• [Information]
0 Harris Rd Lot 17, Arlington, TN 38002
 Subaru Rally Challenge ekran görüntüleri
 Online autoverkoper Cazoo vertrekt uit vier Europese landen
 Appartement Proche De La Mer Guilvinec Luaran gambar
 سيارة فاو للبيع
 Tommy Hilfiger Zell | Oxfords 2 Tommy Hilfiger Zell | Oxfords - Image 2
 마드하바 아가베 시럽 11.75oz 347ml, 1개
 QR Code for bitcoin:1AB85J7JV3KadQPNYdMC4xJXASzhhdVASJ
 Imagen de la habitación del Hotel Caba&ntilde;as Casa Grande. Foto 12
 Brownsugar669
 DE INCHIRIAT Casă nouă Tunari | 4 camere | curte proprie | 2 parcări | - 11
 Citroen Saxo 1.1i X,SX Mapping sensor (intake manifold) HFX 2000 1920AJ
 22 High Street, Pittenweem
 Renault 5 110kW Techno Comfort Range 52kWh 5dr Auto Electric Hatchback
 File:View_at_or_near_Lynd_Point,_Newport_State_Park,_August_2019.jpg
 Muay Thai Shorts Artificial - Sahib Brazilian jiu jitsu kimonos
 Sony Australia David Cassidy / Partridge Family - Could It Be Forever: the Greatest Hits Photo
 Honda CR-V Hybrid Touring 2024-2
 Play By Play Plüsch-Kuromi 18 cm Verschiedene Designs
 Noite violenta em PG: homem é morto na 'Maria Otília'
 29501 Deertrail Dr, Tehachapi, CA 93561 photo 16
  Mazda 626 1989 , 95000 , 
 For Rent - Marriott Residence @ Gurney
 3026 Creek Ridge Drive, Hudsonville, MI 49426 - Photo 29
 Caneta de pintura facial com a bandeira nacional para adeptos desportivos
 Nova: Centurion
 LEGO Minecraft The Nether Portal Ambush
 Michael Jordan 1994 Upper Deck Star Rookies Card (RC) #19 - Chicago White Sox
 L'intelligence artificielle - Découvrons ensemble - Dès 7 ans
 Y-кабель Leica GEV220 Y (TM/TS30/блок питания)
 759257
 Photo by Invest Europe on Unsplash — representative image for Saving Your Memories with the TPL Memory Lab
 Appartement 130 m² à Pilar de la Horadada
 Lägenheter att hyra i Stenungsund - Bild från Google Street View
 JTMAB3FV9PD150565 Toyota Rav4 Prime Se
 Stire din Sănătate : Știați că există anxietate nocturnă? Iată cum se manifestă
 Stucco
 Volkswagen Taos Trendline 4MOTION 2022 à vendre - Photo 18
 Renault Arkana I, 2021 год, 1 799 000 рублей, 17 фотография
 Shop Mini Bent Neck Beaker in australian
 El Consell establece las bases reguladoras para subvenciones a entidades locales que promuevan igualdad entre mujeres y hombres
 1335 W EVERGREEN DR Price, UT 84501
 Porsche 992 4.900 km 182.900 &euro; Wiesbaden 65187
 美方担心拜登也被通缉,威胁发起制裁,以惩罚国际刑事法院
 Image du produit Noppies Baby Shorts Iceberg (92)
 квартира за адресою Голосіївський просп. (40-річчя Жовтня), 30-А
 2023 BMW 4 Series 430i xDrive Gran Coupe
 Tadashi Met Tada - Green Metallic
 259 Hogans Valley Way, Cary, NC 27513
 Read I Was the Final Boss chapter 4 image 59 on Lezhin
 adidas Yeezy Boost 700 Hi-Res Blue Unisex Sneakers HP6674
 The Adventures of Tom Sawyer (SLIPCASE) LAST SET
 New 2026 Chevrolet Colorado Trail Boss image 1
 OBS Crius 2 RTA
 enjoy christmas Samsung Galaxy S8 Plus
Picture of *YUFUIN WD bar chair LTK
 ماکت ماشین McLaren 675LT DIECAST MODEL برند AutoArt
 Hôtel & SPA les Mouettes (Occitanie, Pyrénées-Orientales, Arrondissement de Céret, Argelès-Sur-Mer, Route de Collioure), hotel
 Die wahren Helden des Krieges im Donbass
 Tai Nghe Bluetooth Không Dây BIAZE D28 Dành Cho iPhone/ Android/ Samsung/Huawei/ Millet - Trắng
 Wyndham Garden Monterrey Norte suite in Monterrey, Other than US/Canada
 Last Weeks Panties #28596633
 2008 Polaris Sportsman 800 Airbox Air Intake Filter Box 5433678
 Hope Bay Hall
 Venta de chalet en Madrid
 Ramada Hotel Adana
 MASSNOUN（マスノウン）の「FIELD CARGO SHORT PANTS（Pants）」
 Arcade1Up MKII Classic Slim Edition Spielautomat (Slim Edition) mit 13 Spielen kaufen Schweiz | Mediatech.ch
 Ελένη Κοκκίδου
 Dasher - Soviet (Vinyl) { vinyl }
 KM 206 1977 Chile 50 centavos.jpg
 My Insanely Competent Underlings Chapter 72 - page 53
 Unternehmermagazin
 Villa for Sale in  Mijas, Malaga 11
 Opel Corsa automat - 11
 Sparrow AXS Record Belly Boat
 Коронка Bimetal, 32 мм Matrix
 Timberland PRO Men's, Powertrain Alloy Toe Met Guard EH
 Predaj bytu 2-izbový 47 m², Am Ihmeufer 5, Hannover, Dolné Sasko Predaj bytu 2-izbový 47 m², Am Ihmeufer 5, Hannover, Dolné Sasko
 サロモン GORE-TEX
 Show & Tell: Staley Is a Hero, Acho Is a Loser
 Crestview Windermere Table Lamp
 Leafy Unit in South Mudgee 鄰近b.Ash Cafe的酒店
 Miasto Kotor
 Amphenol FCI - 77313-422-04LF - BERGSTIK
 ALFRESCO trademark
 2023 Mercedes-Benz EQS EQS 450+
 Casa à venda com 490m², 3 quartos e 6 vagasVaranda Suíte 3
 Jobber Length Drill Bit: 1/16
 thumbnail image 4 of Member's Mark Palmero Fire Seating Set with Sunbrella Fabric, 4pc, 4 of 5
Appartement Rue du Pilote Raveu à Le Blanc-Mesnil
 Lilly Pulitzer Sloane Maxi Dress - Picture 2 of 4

• [Exercise details]
Print the data in full. Match it exactly.

• [Response below]
0 Harris Rd Lot 17, Arlington, TN 38002
 Subaru Rally Challenge ekran görüntüleri
 Online autoverkoper Cazoo vertrekt uit vier Europese landen
 Appartement Proche De La Mer Guilvinec Luaran gambar
 سيارة فاو للبيع
 Tommy Hilfiger Zell | Oxfords 2 Tommy Hilfiger Zell | Oxfords - Image 2
 마드하바 아가베 시럽 11.75oz 347ml, 1개
 QR Code for bitcoin:1AB85J7JV3KadQPNYdMC4xJXASzhhdVASJ
 Imagen de la habitación del Hotel Caba&ntilde;as Casa Grande. Foto 12
 Brownsugar669
 DE INCHIRIAT Casă nouă Tunari | 4 camere | curte proprie | 2 parcări | - 11
 Citroen Saxo 1.1i X,SX Mapping sensor (intake manifold) HFX 2000 1920AJ
 22 High Street, Pittenweem
 Renault 5 110kW Techno Comfort Range 52kWh 5dr Auto Electric Hatchback
 File:View_at_or_near_Lynd_Point,_Newport_State_Park,_August_2019.jpg
 Muay Thai Shorts Artificial - Sahib Brazilian jiu jitsu kimonos
 Sony Australia David Cassidy / Partridge Family - Could It Be Forever: the Greatest Hits Photo
 Honda CR-V Hybrid Touring 2024-2
 Play By Play Plüsch-Kuromi 18 cm Verschiedene Designs
 Noite violenta em PG: homem é morto na 'Maria Otília'
 29501 Deertrail Dr, Tehachapi, CA 93561 photo 16
  Mazda 626 1989 , 95000 , 
 For Rent - Marriott Residence @ Gurney
 3026 Creek Ridge Drive, Hudsonville, MI 49426 - Photo 29
 Caneta de pintura facial com a bandeira nacional para adeptos desportivos
 Nova: Centurion
 LEGO Minecraft The Nether Portal Ambush
 Michael Jordan 1994 Upper Deck Star Rookies Card (RC) #19 - Chicago White Sox
 L'intelligence artificielle - Découvrons ensemble - Dès 7 ans
 Y-кабель Leica GEV220 Y (TM/TS30/блок питания)
 759257
 Photo by Invest Europe on Unsplash — representative image for Saving Your Memories with the TPL Memory Lab
 Appartement 130 m² à Pilar de la Horadada
 Lägenheter att hyra i Stenungsund - Bild från Google Street View
 JTMAB3FV9PD150565 Toyota Rav4 Prime Se
 Stire din Sănătate : Știați că există anxietate nocturnă? Iată cum se manifestă
 Stucco
 Volkswagen Taos Trendline 4MOTION 2022 à vendre - Photo 18
 Renault Arkana I, 2021 год, 1 799 000 рублей, 17 фотография
 Shop Mini Bent Neck Beaker in australian
 El Consell establece las bases reguladoras para subvenciones a entidades locales que promuevan igualdad entre mujeres y hombres
 1335 W EVERGREEN DR Price, UT 84501
 Porsche 992 4.900 km 182.900 &euro; Wiesbaden 65187
 美方担心拜登也被通缉,威胁发起制裁,以惩罚国际刑事法院
 Image du produit Noppies Baby Shorts Iceberg (92)
 квартира за адресою Голосіївський просп. (40-річчя Жовтня), 30-А
 2023 BMW 4 Series 430i xDrive Gran Coupe
 Tadashi Met Tada - Green Metallic
 259 Hogans Valley Way, Cary, NC 27513
 Read I Was the Final Boss chapter 4 image 59 on Lezhin
 adidas Yeezy Boost 700 Hi-Res Blue Unisex Sneakers HP6674
 The Adventures of Tom Sawyer (SLIPCASE) LAST SET
 New 2026 Chevrolet Colorado Trail Boss image 1
 OBS Crius 2 RTA
 enjoy christmas Samsung Galaxy S8 Plus
Picture of *YUFUIN WD bar chair LTK
 ماکت ماشین McLaren 675LT DIECAST MODEL برند AutoArt
 Hôtel & SPA les Mouettes (Occitanie, Pyrénées-Orientales, Arrondissement de Céret, Argelès-Sur-Mer, Route de Collioure), hotel
 Die wahren Helden des Krieges im Donbass
 Tai Nghe Bluetooth Không Dây BIAZE D28 Dành Cho iPhone/ Android/ Samsung/Huawei/ Millet - Trắng
 Wyndham Garden Monterrey Norte suite in Monterrey, Other than US/Canada
 Last Weeks Panties #28596633
 2008 Polaris Sportsman 800 Airbox Air Intake Filter Box 5433678
 Hope Bay Hall
 Venta de chalet en Madrid
 Ramada Hotel Adana
 MASSNOUN（マスノウン）の「FIELD CARGO SHORT PANTS（Pants）」
 Arcade1Up MKII Classic Slim Edition Spielautomat (Slim Edition) mit 13 Spielen kaufen Schweiz | Mediatech.ch
 Ελένη Κοκκίδου
 Dasher - Soviet (Vinyl) { vinyl }
 KM 206 1977 Chile 50 centavos.jpg
 My Insanely Competent Underlings Chapter 72 - page 53
 Unternehmermagazin
 Villa for Sale in  Mijas, Malaga 11
 Opel Corsa automat - 11
 Sparrow AXS Record Belly Boat
 Коронка Bimetal, 32 мм Matrix
 Timberland PRO Men's, Powertrain Alloy Toe Met Guard EH
 Predaj bytu 2-izbový 47 m², Am Ihmeufer 5, Hannover, Dolné Sasko Predaj bytu 2-izbový 47 m², Am Ihmeufer 5, Hannover, Dolné Sasko
 サロモン GORE-TEX
 Show & Tell: Staley Is a Hero, Acho Is a Loser
 Crestview Windermere Table Lamp
 Leafy Unit in South Mudgee 鄰近b.Ash Cafe的酒店
 Miasto Kotor
 Amphenol FCI - 77313-422-04LF - BERGSTIK
 ALFRESCO trademark
 2023 Mercedes-Benz EQS EQS 450+
 Casa à venda com 490m², 3 quartos e 6 vagasVaranda Suíte 3
 Jobber Length Drill Bit: 1/16
 thumbnail image 4 of Member's Mark Palmero Fire Seating Set with Sunbrella Fabric, 4pc, 4 of 5
Appartement Rue du Pilote Raveu à Le Blanc-Mesnil
 Lilly Pulitzer Sloane Maxi Dress - Picture 2 of 4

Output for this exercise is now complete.